◆ Instructions to follow: When you return the material, keep every line exactly as it is and omit the pictures.

◆ Data provided:
○ ○ ○ ○ ○

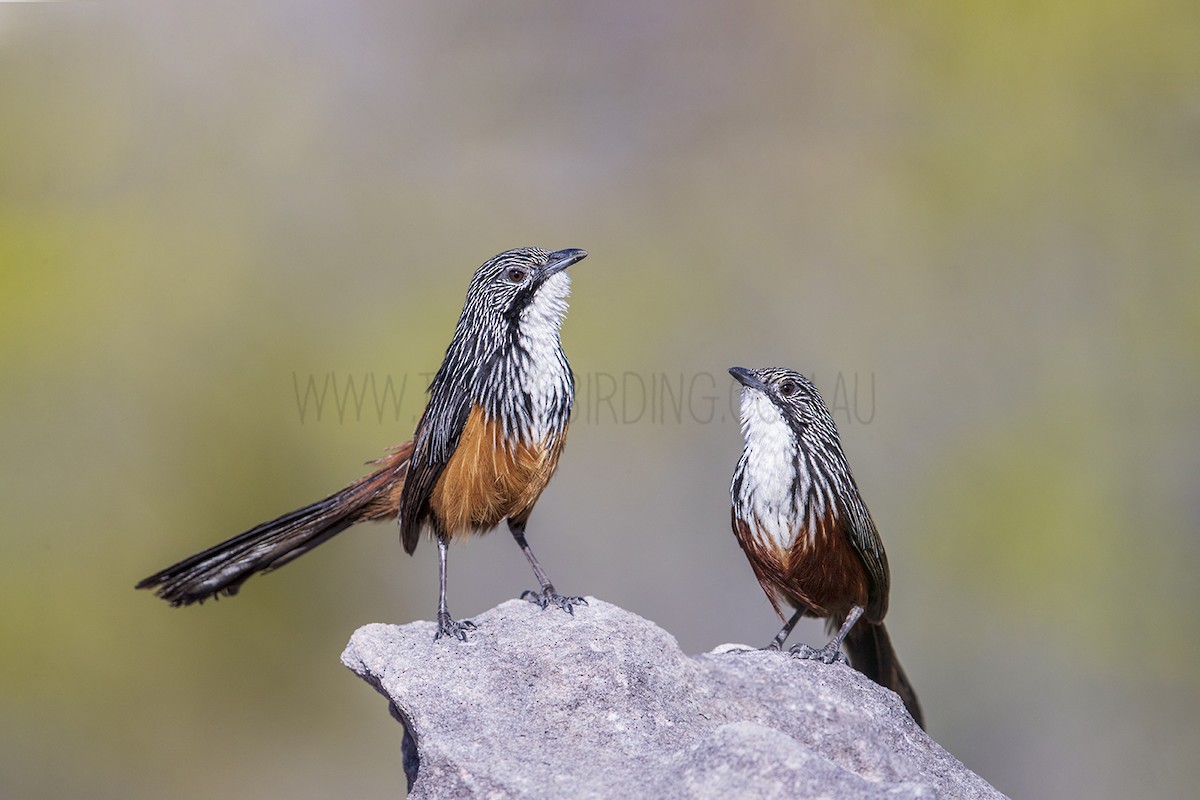 White-throated Grasswren - Laurie Ross | Tracks Birding & Photography Tours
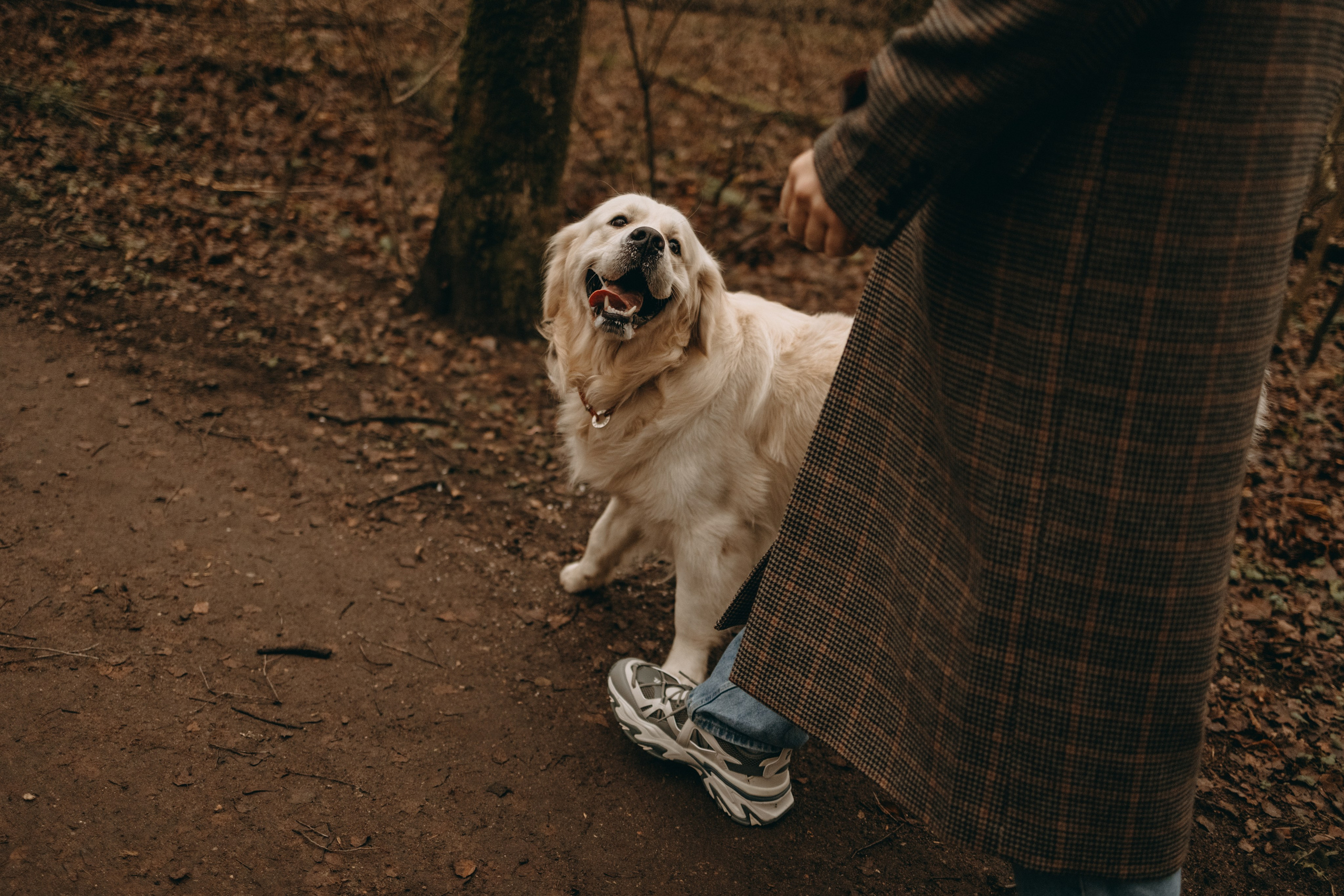 Лаки и его семья. Фотограф — Анималист | Санкт-Петербург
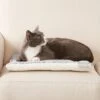 Frisco Reversible Square Cat Pad 2 Frisco Reversible Square Cat Pad -Hot Sale Pet Supplies 144826 MAIN. AC SS1800 V1566936429
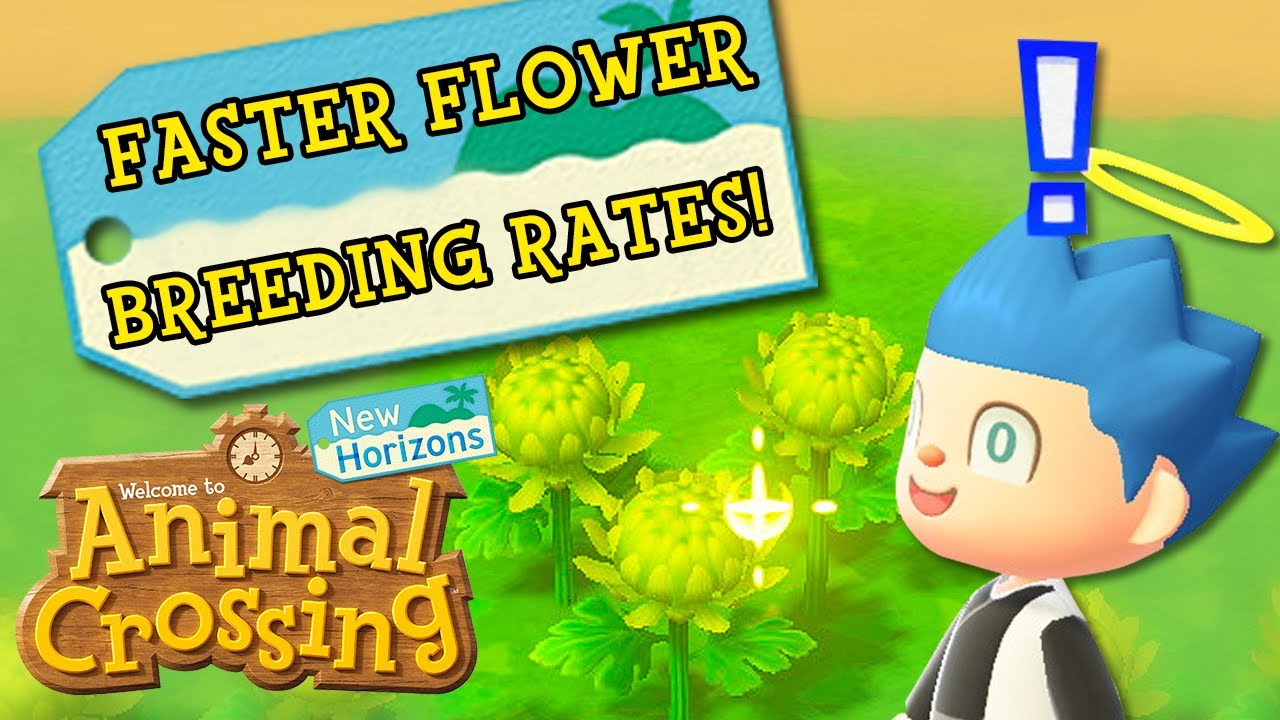 How To Breed Flowers In Animal Crossing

○ ○ ○ ○ ○

◆ Output of the task:
 White-throated Grasswren - Laurie Ross | Tracks Birding & Photography Tours
 Лаки и его семья. Фотограф — Анималист | Санкт-Петербург
 Frisco Reversible Square Cat Pad 2 Frisco Reversible Square Cat Pad -Hot Sale Pet Supplies 144826 MAIN. AC SS1800 V1566936429
 How To Breed Flowers In Animal Crossing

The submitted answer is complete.